Exclude all pictures from your copy of the data below, which should otherwise match exactly.

§ **EXERCISE DATA**
◆ ◆ ◆ ◆ ◆ ◆ ◆

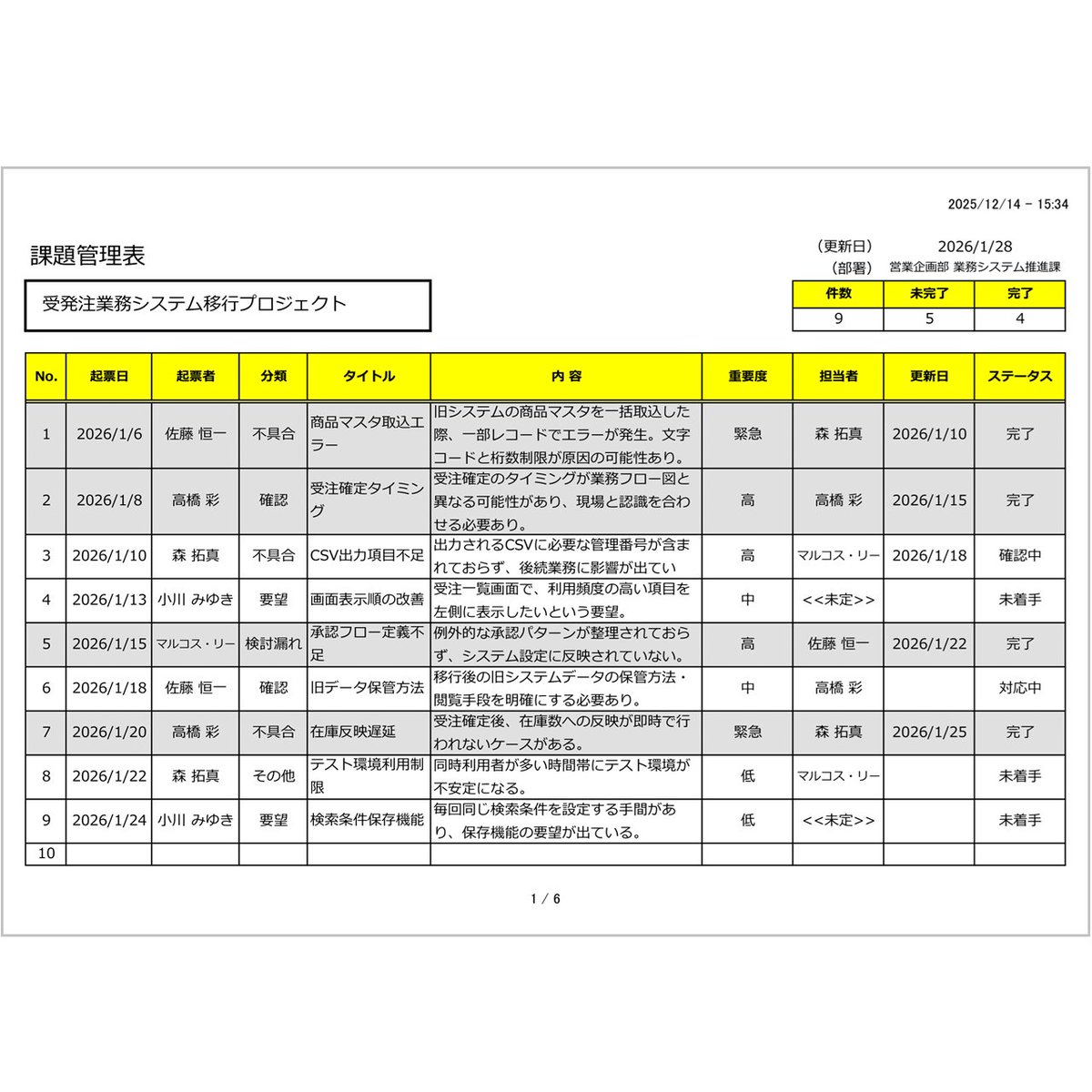 bizNext01's tweet photo. 【無料Excel・2026年版】課題管理表テンプレート
起票日・重要度・担当者・ステータスを一元管理。入力補助・フィルター・完了課題のグレーアウト表示に対応。サンプル付きで、プロジェクトの課題管理を効率化します。
#テンプレート #Excel #課題管理表 #2026年版
https://t.co/hgetKhVFqD https://t.co/CG9Y9IiOqT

◆ ◆ ◆ ◆ ◆ ◆ ◆

§ **EXERCISE SOLUTION**
 bizNext01's tweet photo. 【無料Excel・2026年版】課題管理表テンプレート
起票日・重要度・担当者・ステータスを一元管理。入力補助・フィルター・完了課題のグレーアウト表示に対応。サンプル付きで、プロジェクトの課題管理を効率化します。
#テンプレート #Excel #課題管理表 #2026年版
https://t.co/hgetKhVFqD https://t.co/CG9Y9IiOqT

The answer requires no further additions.